WORK ITEM - Quote the data below in full, minus the images.

PROVIDED MATERIAL -
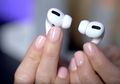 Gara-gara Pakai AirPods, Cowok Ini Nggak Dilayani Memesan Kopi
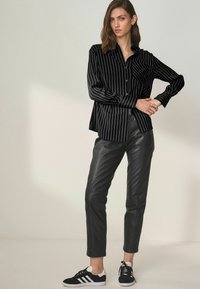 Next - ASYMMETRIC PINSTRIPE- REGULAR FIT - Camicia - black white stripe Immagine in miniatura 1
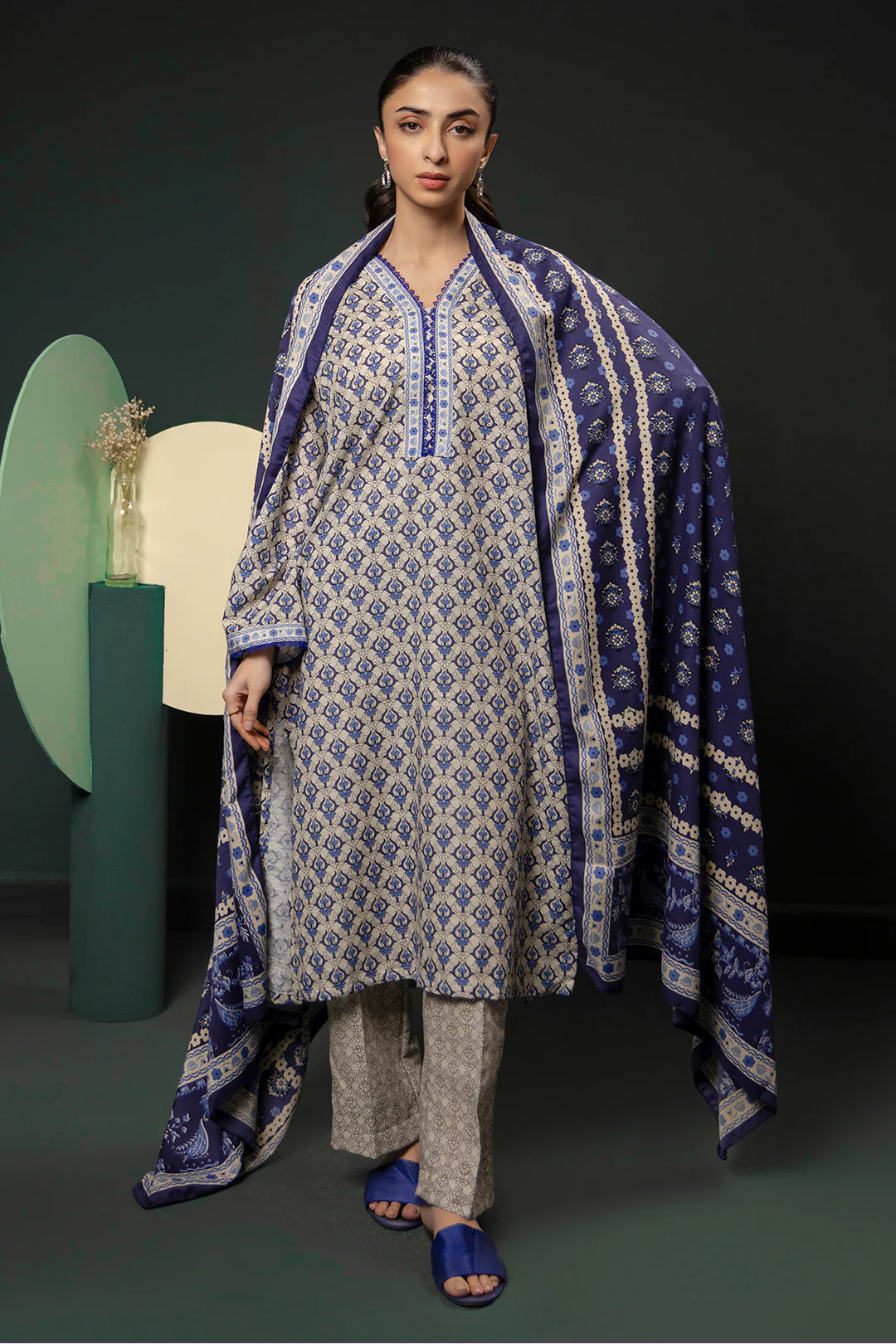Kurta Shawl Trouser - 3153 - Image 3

REPLY -
 Gara-gara Pakai AirPods, Cowok Ini Nggak Dilayani Memesan Kopi
 Next - ASYMMETRIC PINSTRIPE- REGULAR FIT - Camicia - black white stripe Immagine in miniatura 1
Kurta Shawl Trouser - 3153 - Image 3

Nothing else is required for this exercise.